→ PROMPT
Nothing but the lines from the one with "Verbena officinalis <small>(1 de 3)</small>" through the end of the records below should be written out, and each must match word for word.

PROVIDED RECORDS below:

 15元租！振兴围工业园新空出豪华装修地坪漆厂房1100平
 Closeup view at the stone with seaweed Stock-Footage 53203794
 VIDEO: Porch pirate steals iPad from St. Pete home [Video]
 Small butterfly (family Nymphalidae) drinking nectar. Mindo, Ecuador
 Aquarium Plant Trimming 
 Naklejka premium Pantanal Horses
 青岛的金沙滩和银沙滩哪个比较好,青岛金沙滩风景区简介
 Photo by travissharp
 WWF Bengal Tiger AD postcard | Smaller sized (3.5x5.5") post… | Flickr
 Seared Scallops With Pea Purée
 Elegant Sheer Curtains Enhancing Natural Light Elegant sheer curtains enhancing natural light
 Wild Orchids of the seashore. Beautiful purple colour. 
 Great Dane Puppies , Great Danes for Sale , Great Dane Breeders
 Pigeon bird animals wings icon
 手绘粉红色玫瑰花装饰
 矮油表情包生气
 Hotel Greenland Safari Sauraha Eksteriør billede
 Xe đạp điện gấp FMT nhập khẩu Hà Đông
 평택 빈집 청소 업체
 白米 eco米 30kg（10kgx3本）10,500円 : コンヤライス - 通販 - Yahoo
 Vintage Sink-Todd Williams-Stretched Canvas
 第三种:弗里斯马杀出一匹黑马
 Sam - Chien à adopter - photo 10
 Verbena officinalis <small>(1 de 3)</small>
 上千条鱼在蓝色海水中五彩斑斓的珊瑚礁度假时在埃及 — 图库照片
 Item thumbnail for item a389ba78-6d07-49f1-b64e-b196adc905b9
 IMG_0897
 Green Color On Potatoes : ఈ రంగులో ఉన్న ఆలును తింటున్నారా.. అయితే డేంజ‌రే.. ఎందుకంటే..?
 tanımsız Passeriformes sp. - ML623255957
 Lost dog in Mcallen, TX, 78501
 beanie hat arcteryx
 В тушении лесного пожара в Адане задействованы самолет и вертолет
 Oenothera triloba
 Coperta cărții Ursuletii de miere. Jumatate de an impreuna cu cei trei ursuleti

End of PROVIDED RECORDS.

→ ANSWER AREA
 Verbena officinalis <small>(1 de 3)</small>
 上千条鱼在蓝色海水中五彩斑斓的珊瑚礁度假时在埃及 — 图库照片
 Item thumbnail for item a389ba78-6d07-49f1-b64e-b196adc905b9
 IMG_0897
 Green Color On Potatoes : ఈ రంగులో ఉన్న ఆలును తింటున్నారా.. అయితే డేంజ‌రే.. ఎందుకంటే..?
 tanımsız Passeriformes sp. - ML623255957
 Lost dog in Mcallen, TX, 78501
 beanie hat arcteryx
 В тушении лесного пожара в Адане задействованы самолет и вертолет
 Oenothera triloba
 Coperta cărții Ursuletii de miere. Jumatate de an impreuna cu cei trei ursuleti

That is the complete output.